§ What you are asked to do
Exclude the pictures and set down, unaltered, the lines from the one that holds "Hard Truths - Digital Poster" through the end of the data.

§ Information shown
-----

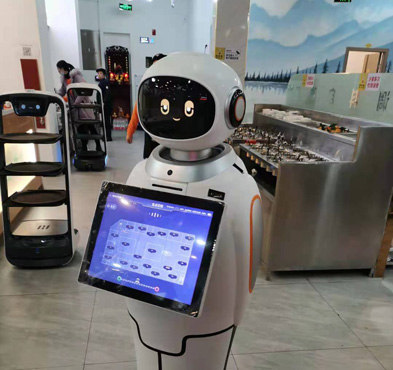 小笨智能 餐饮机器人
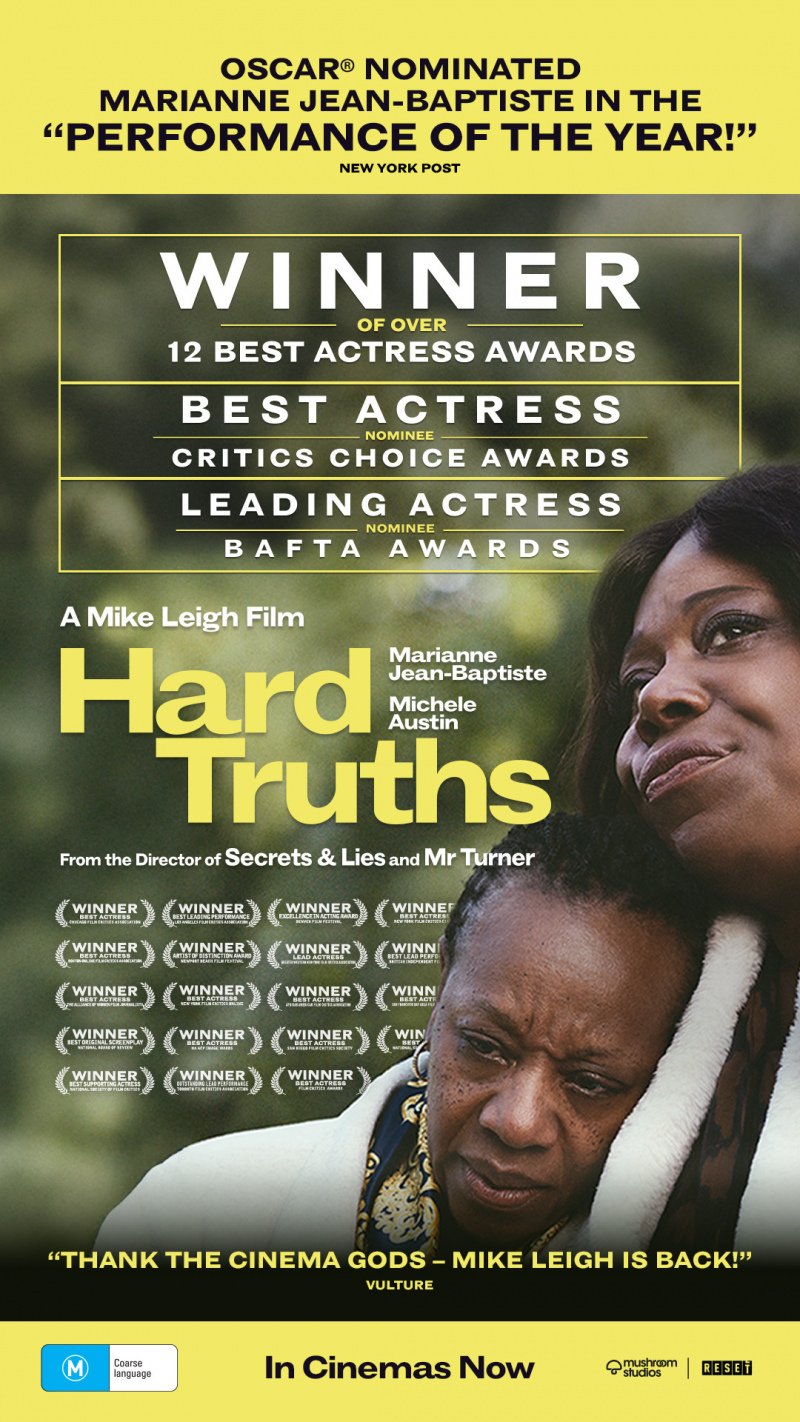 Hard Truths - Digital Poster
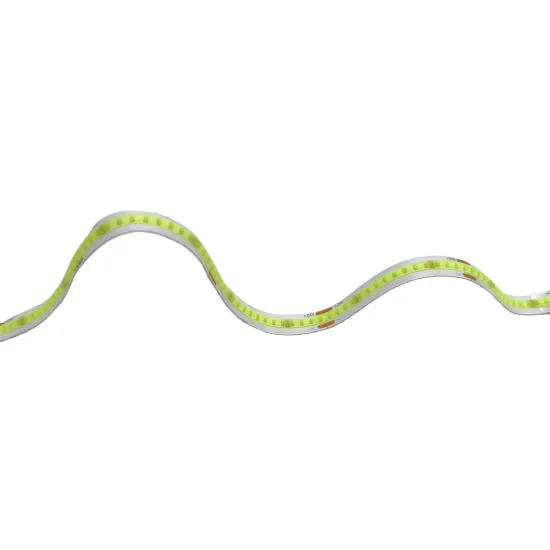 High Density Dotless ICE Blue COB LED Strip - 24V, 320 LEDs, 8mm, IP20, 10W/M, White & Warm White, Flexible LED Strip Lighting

-----

§ Written answer
 Hard Truths - Digital Poster
 High Density Dotless ICE Blue COB LED Strip - 24V, 320 LEDs, 8mm, IP20, 10W/M, White & Warm White, Flexible LED Strip Lighting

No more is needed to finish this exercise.